The controls are easy to use, but more constrictive than they probably should be. Dodging gunfire can be a little hard, due to both the speed of your movement and the difficulty in telling where bullets are within the depth of the street. Otherwise, moving around, aiming, and shooting are all pretty straightforward and accurate. The B button controls the guns. Holding her down sprays the machine gun like a champ, double-tapping it unleashes a rocket. Switching between the guns is very clean, and there’s not the expected “tap for the rocket but get the machine gun” problem. The A button crouches and is only good for shooting the vicious dogs you’ll run across. Otherwise it just kinda makes you move slowly and get shot in the head. Double-tapping the A button makes you jump, which is equally underused.
Sound is pretty cool. The effects aren’t amazing, but mostly clear for the NES and well-placed. Guns sounds like guns, and you get the cute little pickup riff when you snag some drugs or bust a pusher. There are different themes for each level which sound nice and generally keep quietly to the background. They don’t get in the way, which is good. The digitized voices and screams are removed, of course, but the game doesn’t lack too much without them.
NARC is primarily an arcade game, so your only real goal is getting the high score. There’s a definite end to the game, and a plot you can try and follow, but this is made difficult since most of the objectionable drug material and information on the bosses have been removed. It’s all still quite tongue-in-cheek, and the untouched majority of the game is still about picking up point bonuses and lighting up crowds of bad guys. You do get some variation here and there, mostly in the level-specific bad guys, and some optional destruction. A few levels have drug lab equipment scattered around that can be shattered for points, albeit in a less-satisfying manner than was featured in the arcades. There are also Ferrari-driving moments, where you take the NARC car and wreak havoc on the freeways. Maybe it’s me, but these sequences seemed forcibly shorter in the NES – i.e. I kept running into barriers every few feet instead of getting a real burst of speed. Could be masking a technical limitation, could be bad driving.

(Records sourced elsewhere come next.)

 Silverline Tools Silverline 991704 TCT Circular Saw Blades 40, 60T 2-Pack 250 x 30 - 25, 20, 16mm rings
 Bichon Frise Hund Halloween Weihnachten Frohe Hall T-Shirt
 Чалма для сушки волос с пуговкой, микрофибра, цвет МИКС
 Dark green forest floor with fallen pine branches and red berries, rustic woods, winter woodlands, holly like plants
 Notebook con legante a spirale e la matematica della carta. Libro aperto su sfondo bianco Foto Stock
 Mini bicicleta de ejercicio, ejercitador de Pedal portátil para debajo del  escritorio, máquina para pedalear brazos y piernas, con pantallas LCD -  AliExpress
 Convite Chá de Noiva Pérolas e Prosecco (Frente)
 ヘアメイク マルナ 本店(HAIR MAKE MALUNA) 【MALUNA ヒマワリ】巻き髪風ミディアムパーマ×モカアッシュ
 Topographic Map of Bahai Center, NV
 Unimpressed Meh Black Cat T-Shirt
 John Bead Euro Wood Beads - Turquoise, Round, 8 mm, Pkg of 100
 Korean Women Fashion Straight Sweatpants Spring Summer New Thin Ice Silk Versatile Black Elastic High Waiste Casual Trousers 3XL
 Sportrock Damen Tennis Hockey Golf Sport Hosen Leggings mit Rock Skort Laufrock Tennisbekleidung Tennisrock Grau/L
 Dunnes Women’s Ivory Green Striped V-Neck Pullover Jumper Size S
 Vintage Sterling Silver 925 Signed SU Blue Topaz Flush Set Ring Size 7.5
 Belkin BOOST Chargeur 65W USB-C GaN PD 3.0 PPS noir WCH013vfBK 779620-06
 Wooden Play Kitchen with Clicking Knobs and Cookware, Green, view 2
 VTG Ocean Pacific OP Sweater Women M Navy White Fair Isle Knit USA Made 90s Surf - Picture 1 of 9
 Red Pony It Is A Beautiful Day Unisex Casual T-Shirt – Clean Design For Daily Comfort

NARC NES isn’t as impressive as its bigger counterpart, but that’s to be expected. At the very least, Williams would want to drive gamers back to the arcade, and it would make no sense to outshine that in the home version. But while the feeling of taking on hordes of bad guys, and the number within the hordes themselves, has been clearly diminished, the home version can still be rather fun. Two-player is great as well, and you and a friend can tear through the game pretty speedily while watching each other’s backs. It’s certainly worth playing through to the end, which you were quite unlikely to do in the arcade. The plot, as it is, starts to kick in once you get to the later stages and closer to Mr. Big. As a boss… well let’s just say he’s an arcade classic, and drug money can buy some pretty amazing things.
A fun arcade blaster. Worth playing through.
Great nostalgia, but can get boring by today’s standards.